_About this task_:
Give back the whole listing exactly as written, pictures excluded.

_Data extract_:
○ ○ ○ ○ ○

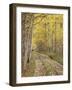 Lane Through Fall Aspens, Ophir Pass, Uncompahgre National Forest, Colorado, USA-James Hager-Framed Photographic Print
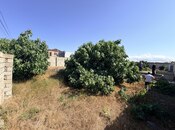 Satılır  torpaq 9.5 sot, Albalılıq q., photo 2 from 2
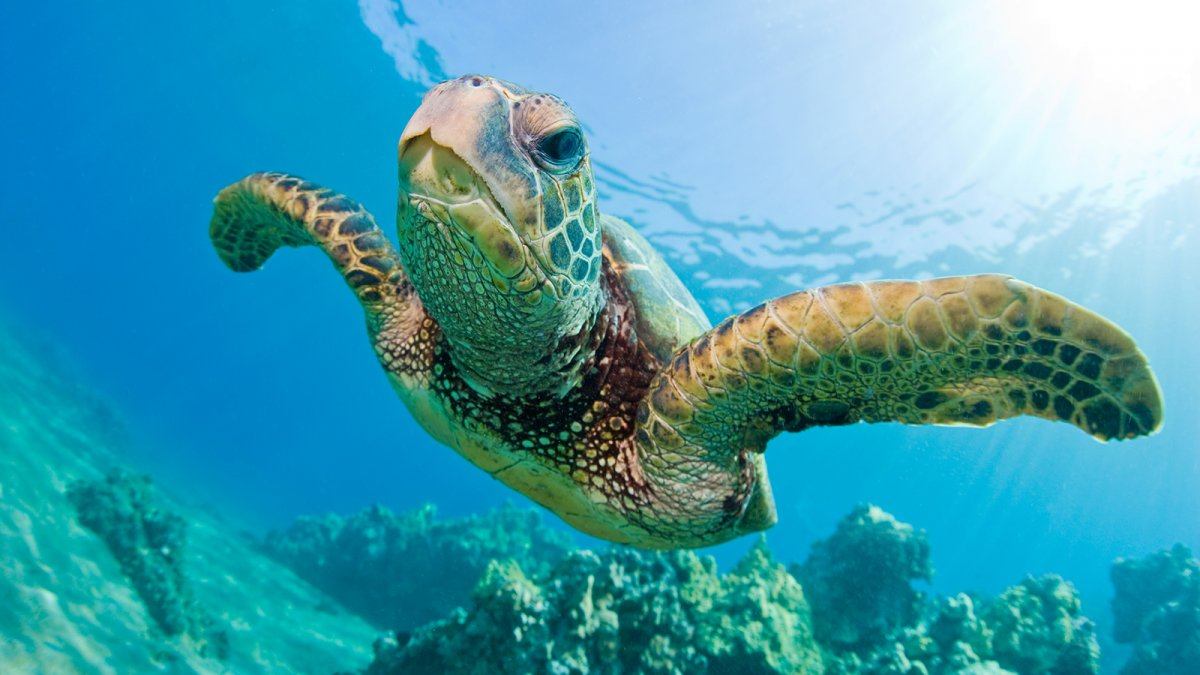 sea turtle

○ ○ ○ ○ ○

_Written answer_:
 Lane Through Fall Aspens, Ophir Pass, Uncompahgre National Forest, Colorado, USA-James Hager-Framed Photographic Print
 Satılır  torpaq 9.5 sot, Albalılıq q., photo 2 from 2
 sea turtle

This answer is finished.